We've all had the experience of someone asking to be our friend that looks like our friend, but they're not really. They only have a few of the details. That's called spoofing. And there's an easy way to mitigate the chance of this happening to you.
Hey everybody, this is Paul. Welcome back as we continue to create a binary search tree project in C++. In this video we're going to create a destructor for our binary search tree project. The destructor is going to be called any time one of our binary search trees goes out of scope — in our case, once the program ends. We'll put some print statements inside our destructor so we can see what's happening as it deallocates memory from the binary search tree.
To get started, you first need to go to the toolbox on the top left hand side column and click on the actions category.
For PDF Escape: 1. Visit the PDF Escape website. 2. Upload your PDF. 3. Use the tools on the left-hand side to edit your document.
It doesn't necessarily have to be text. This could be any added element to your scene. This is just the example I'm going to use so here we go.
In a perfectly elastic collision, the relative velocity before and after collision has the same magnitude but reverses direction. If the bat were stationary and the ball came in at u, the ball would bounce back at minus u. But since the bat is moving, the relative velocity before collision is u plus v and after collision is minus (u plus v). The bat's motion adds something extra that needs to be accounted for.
---
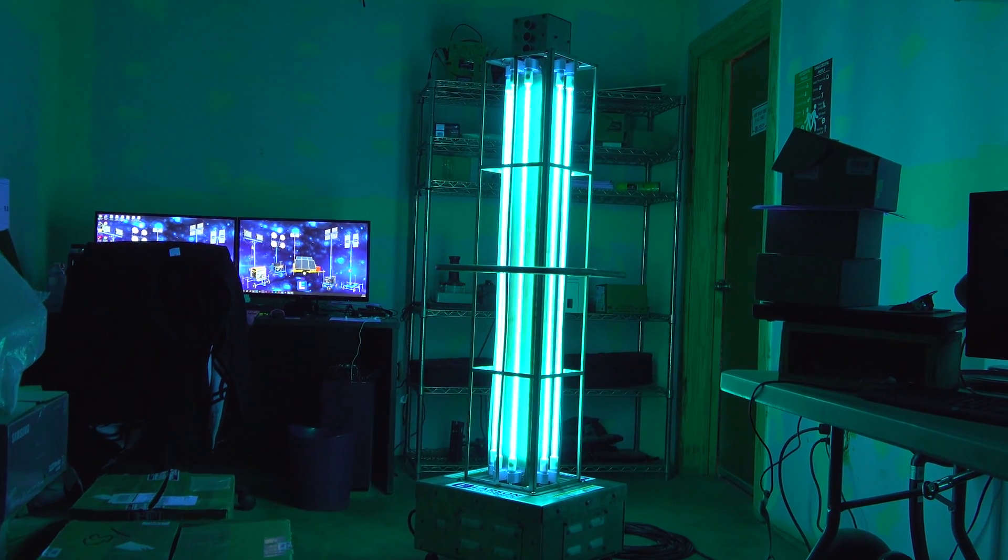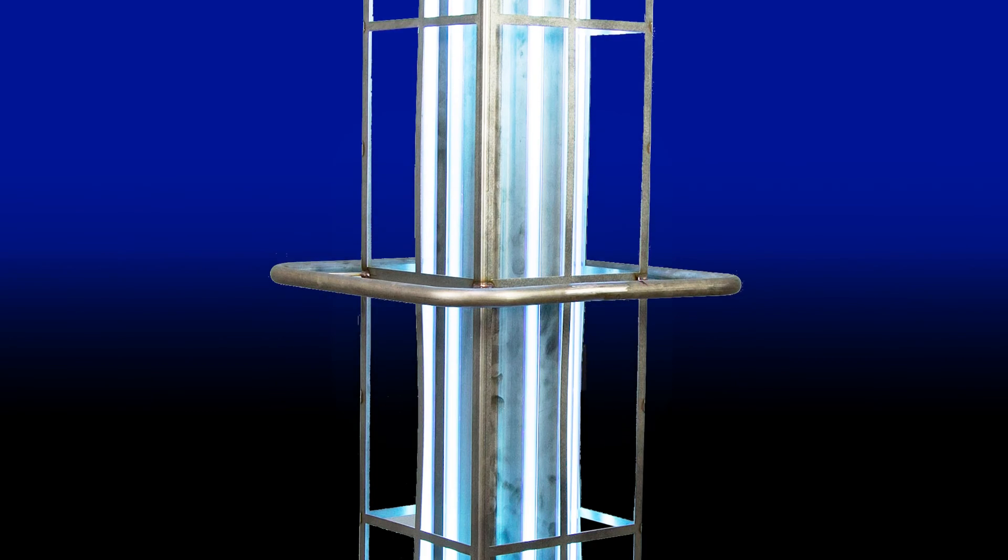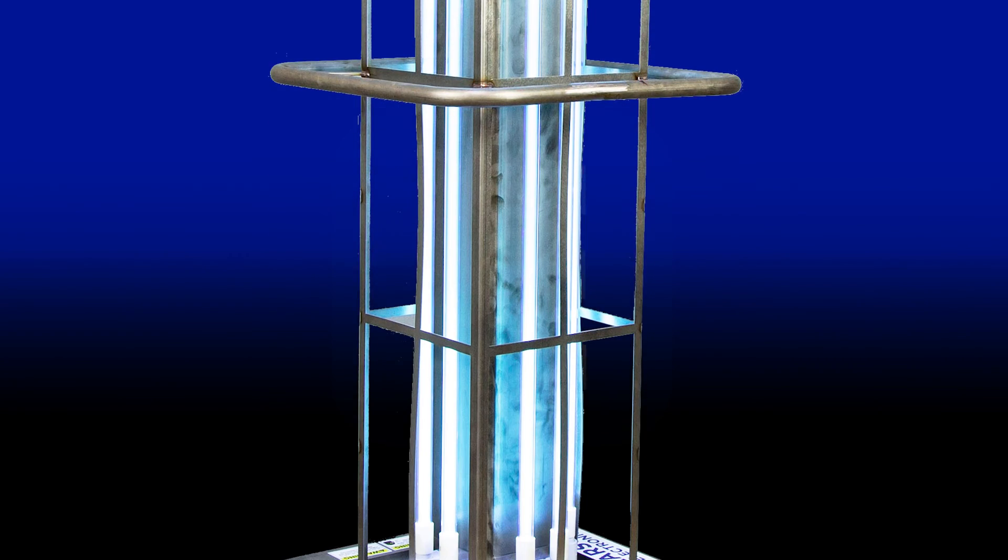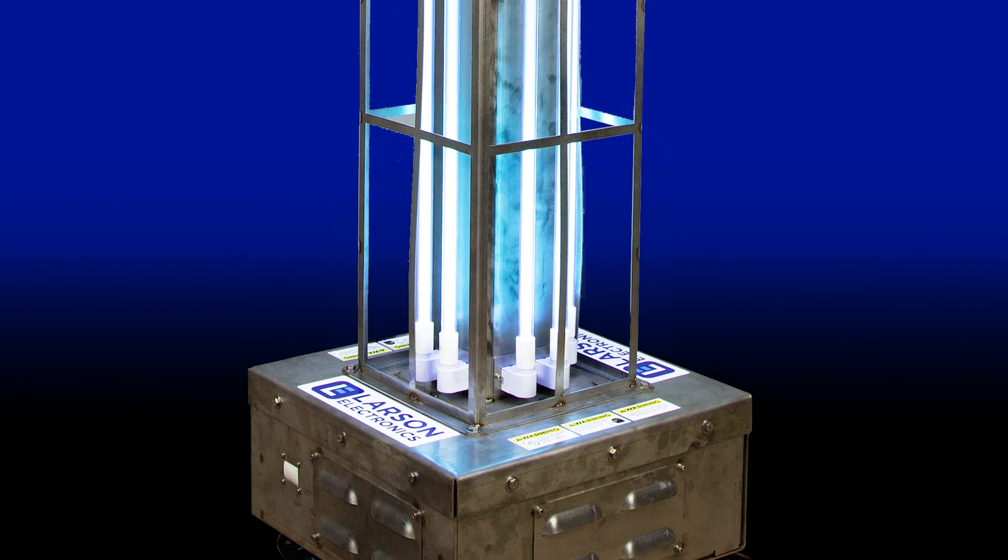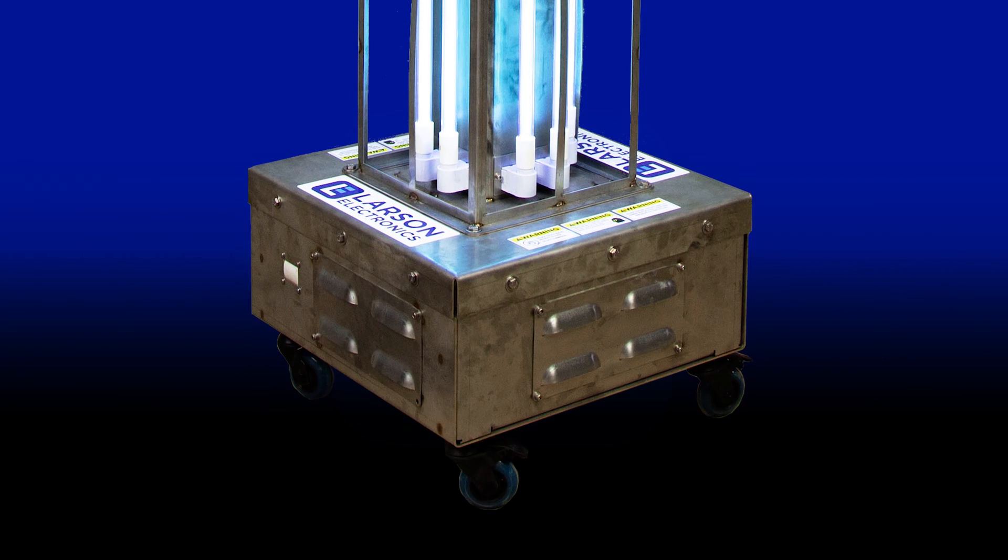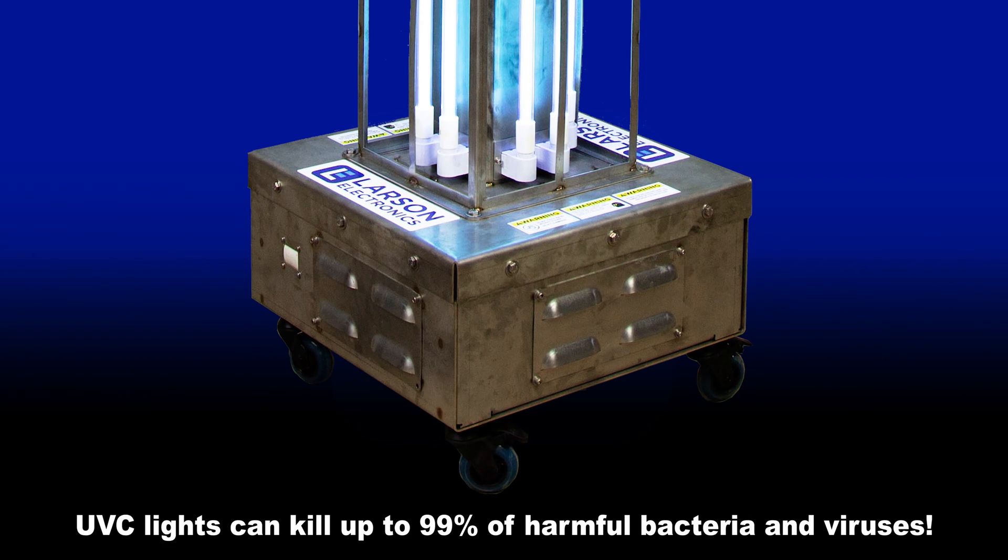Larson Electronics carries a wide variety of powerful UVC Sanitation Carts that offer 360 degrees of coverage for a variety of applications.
--
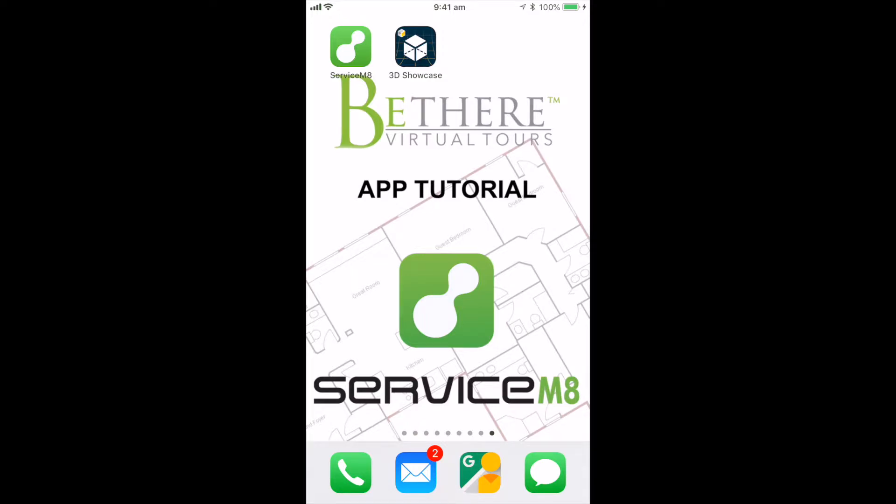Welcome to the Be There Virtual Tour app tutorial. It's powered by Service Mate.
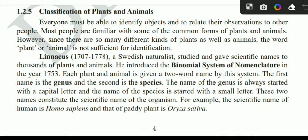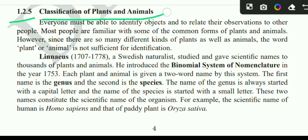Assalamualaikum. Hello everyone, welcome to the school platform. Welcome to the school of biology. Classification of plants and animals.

• [What the task requires]:
Copy each line of the preceding material that contains "hand".

• [Exercise output]:
To get started, you first need to go to the toolbox on the top left hand side column and click on the actions category.
For PDF Escape: 1. Visit the PDF Escape website. 2. Upload your PDF. 3. Use the tools on the left-hand side to edit your document.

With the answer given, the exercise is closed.